Light targets cells for death and triggers immune response with laser precision

CHAMPAIGN, Ill. — A new method of precisely targeting troublesome cells for death using light could unlock new understanding of and treatments for cancer and inflammatory diseases, University of Illinois Urbana-Champaign researchers report.

Inflammatory cell death, knows as necroptosis, is an important regulatory tool in the body’s arsenal against disease. However, in some diseases, the process can go haywire; for example, cancer cells are able to suppress inflammatory signals and thus escape death.

“Usually treatments for cancer use pharmacological induction to kill the cells, but those chemicals tend to diffuse throughout the tissues and it’s hard to contain to a precise location. You get a lot of unwanted effects,” said study leader Kai Zhang, a professor of biochemistry at the U. of I. “We can make the cells responsive to light, and we can focus the light beam to be smaller than one cell. That is how we can use light to very precisely target a cell and turn on its death pathway.”
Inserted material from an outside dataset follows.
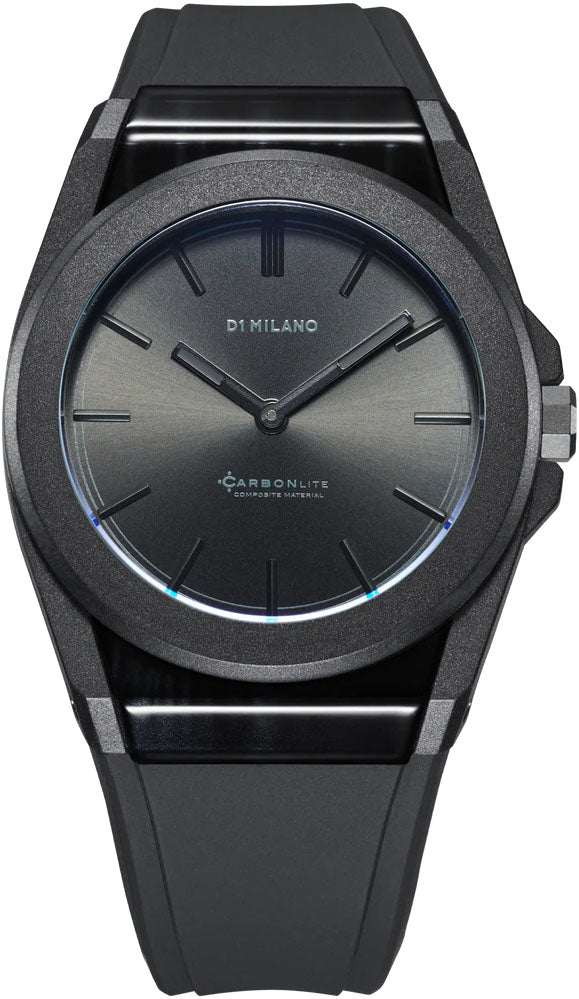 D1 Milano Watch Carbonlite D1-CLRJ03 Image 1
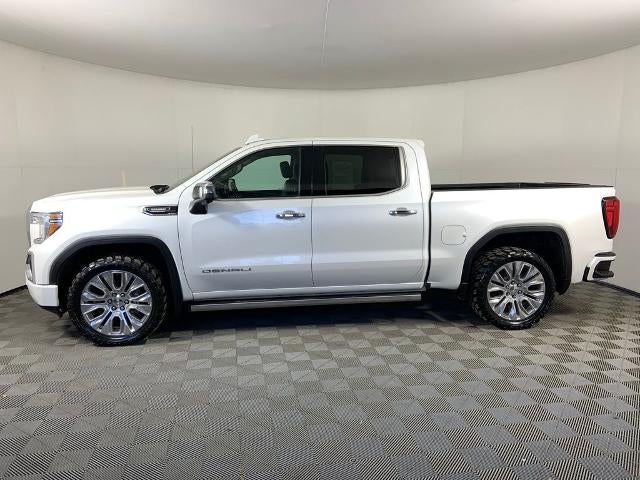 2021 GMC Sierra 1500 Crew Cab Short Box 4-Wheel Drive Denali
The researchers use a method called optogenetics to make the cells respond to light. They borrowed a light-activated gene from plants and inserted it into intestinal cell cultures, attaching it to the gene for RIPK3, a protein that regulates necroptosis.  
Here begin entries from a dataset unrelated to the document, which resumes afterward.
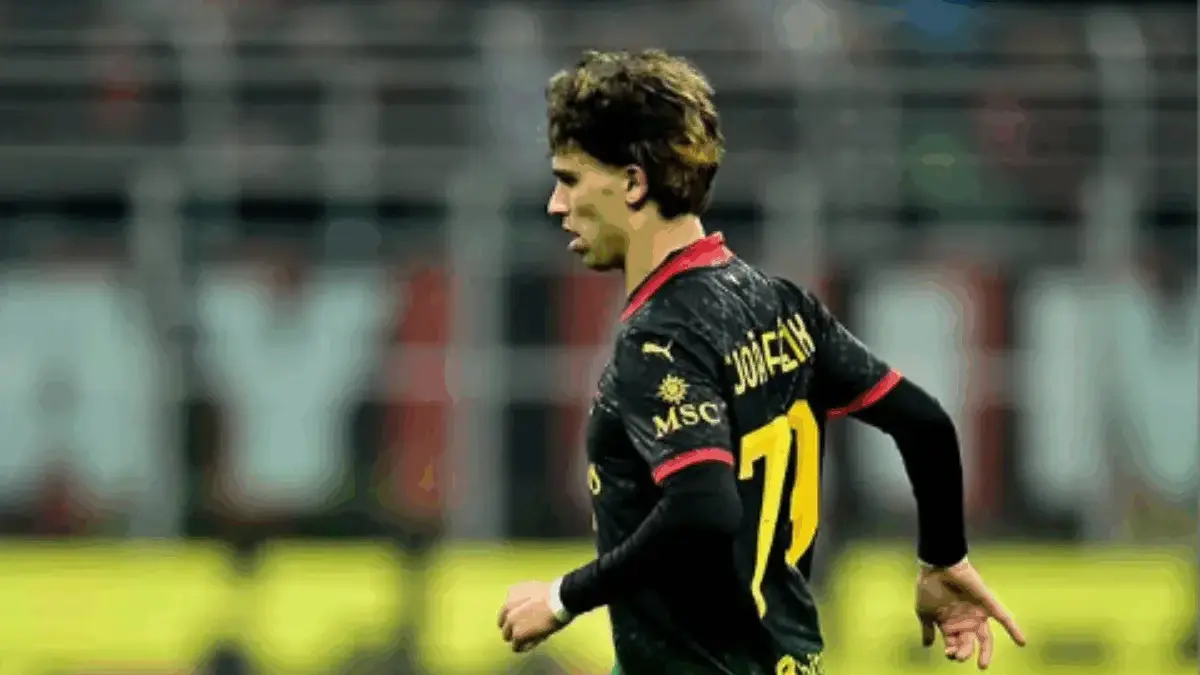 Joao Felix Resmi Gabung Al-Nassr, Akhiri Petualangan Tak Pasti di Eropa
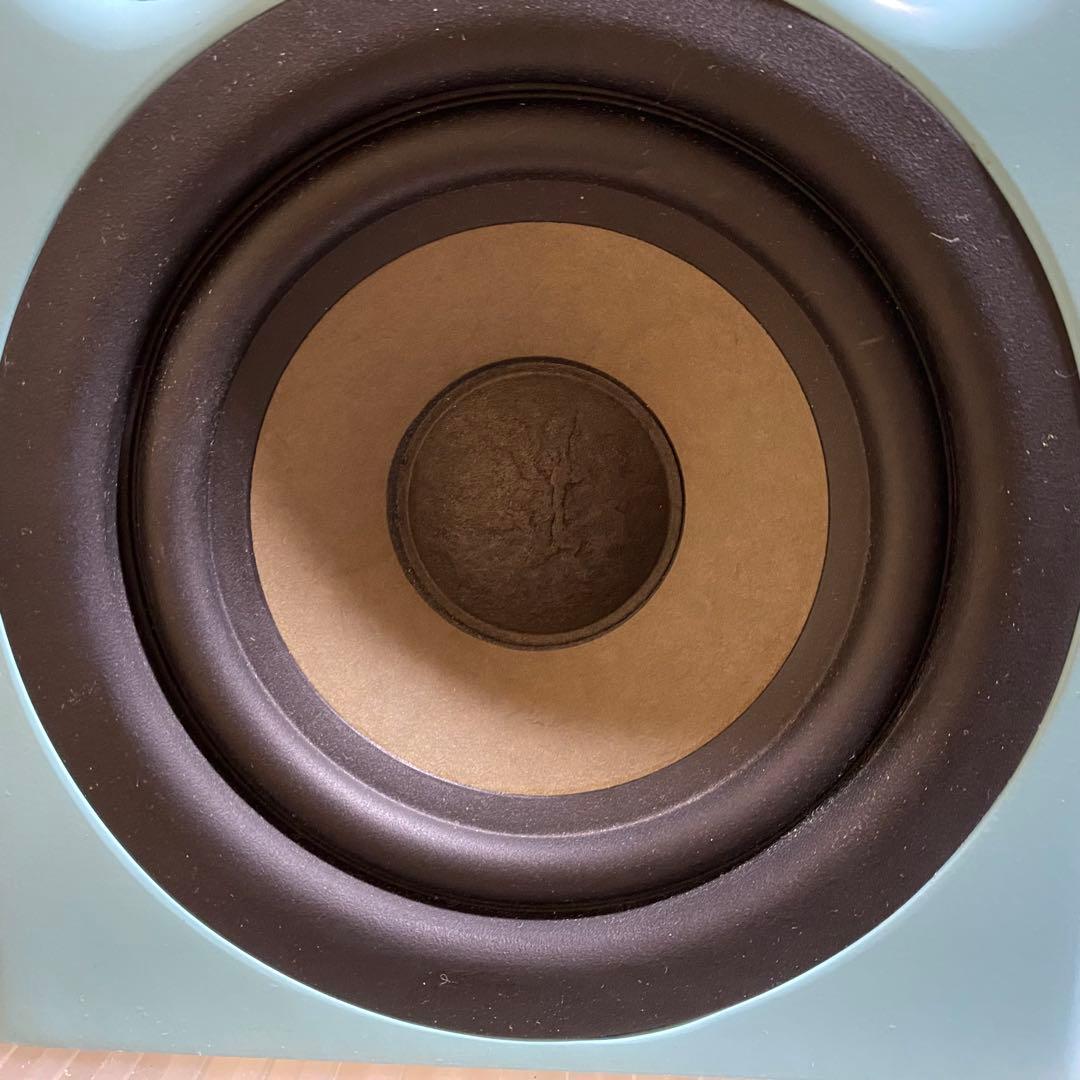 FOSTEX PA-2 アクティブモニタースピーカー ライトブルー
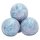 Baby Filzball mit Rassel - Softball hellblau für Kinder - Wollmanufaktur Filges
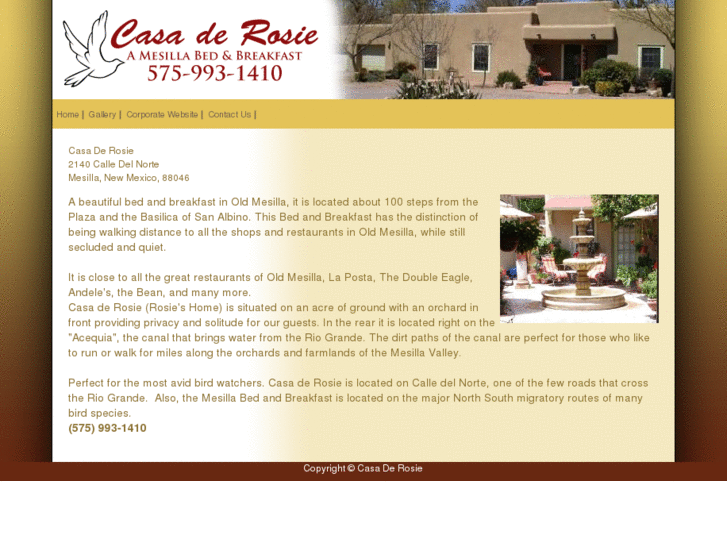 www.casaderosiemesilla.com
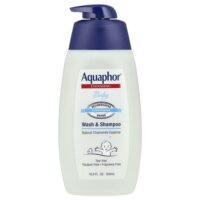Шампунь для детей, без отдушек, 500 мл (16,9 жидк. унц.) — Aquaphor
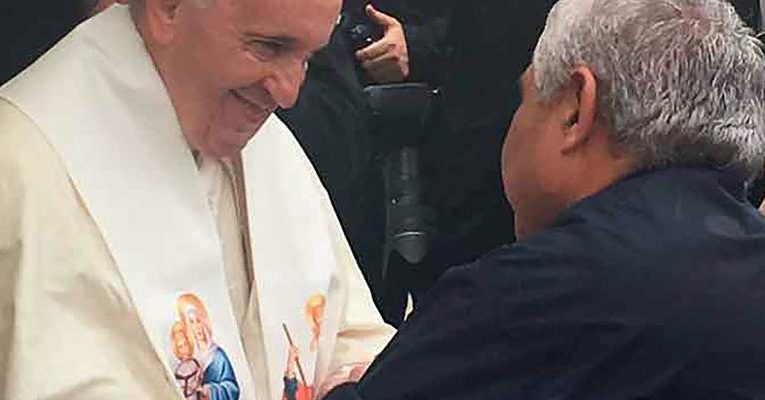 Archidiocesis de Madrid – Bienvenido Nieto, delegado de la Pastoral del Papa, sobre el Papa Francisco: «Nos alentaba a que siguiésemos promoviendo el cuidado de la vida en nuestras calles y carreteras, porque allí también viaja el mismo Cristo»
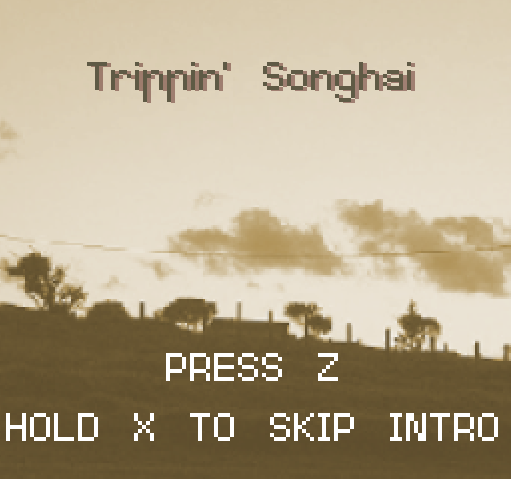 Trippin' Songhai (2013)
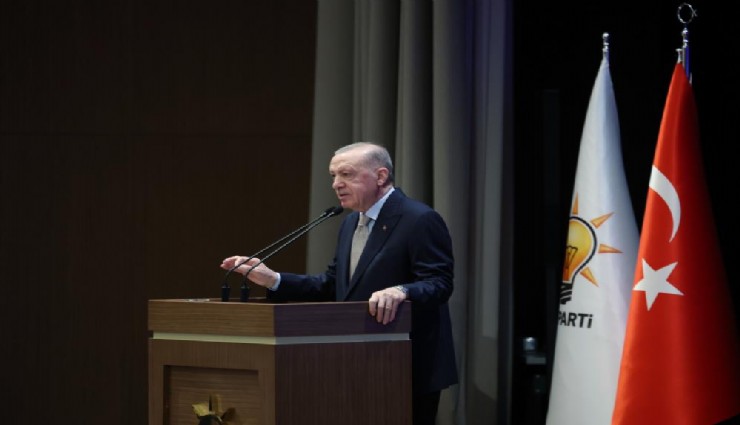 Cumhurbaşkanı Erdoğan: 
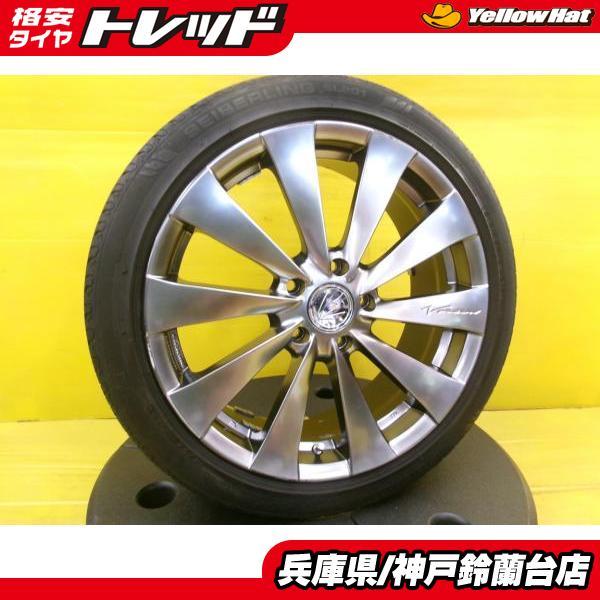 BRIDGESTONE（ブリヂストン） 215/45R18 ステップワゴン ストリーム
“When activated, RIPK3 undergoes oligomerization — it forms clusters of protein complexes. Our light-sensitive proteins cluster together when exposed to blue light. So by triggering the light-sensitive proteins to come together, the RIPK3 comes together and oligomerizes, and that’s how we mimic the activation pathway,” said graduate student Teak-Jung Oh, the first author of the paper published in the Journal of Molecular Biology. 

However, killing the cell itself is not the only goal. Inducing the inflammatory cell death pathway, rather than outright killing the cell mechanically or chemically, triggers the immune system to respond. The ruptured cells release chemicals called cytokines that irritate nearby cells and attract T cells, white blood cells that play an important role in how the immune system identifies and attacks threats, Zhang said. 

“Certain cancer cell types create a local immunosuppressive environment, where T cells are either not recruited or, if they do come, they do not recognize it as a threat and do not infiltrate the cancerous area. But by opening up some cancer cells through necroptosis, we hope to modulate this immune suppressive environment and help train the T cells to recognize and attack the cancer,” said Zhang, who is a member of the Cancer Center at Illinois.

Since the optogenetic system requires light delivery directly to tissues, human clinical applications in tissues deeper than skin are currently limited. However, the Illinois group plans to implement their system in mice next to further study necroptosis and immune response in cancer and other inflammatory diseases. They also will further investigate the in vitro platform’s potential for training T cells for immune therapies. 

“Understanding the cell signaling pathway for necroptosis is especially important because it has been known to be involved with diseases like neurodegenerative disease and inflammatory bowel disease. Knowing how necroptosis affects progression in these diseases is important. And if you don’t know the molecular mechanisms, you don’t really know what to target to slow the progression,” Oh said.

The National Institute of General Medical Sciences and National Institute of Mental Health of the National Institutes of Health, the National Science Foundation and the Cancer Center at Illinois supported this work. Zhang also is affiliated with the Beckman Institute for Advanced Science and Technology at Illinois.

Editor’s note: To reach Kai Zhang, email kaizkaiz@illinois.edu.

The paper, “Spatiotemporal control of inflammatory lytic cell death through optogenetic induction of RIPK3 oligomerization,” is available online. DOI: 10.1016/j.jmb.2024.168628

The National Institutes of Health supported this work through grants R01GM132438 and R01MH124827.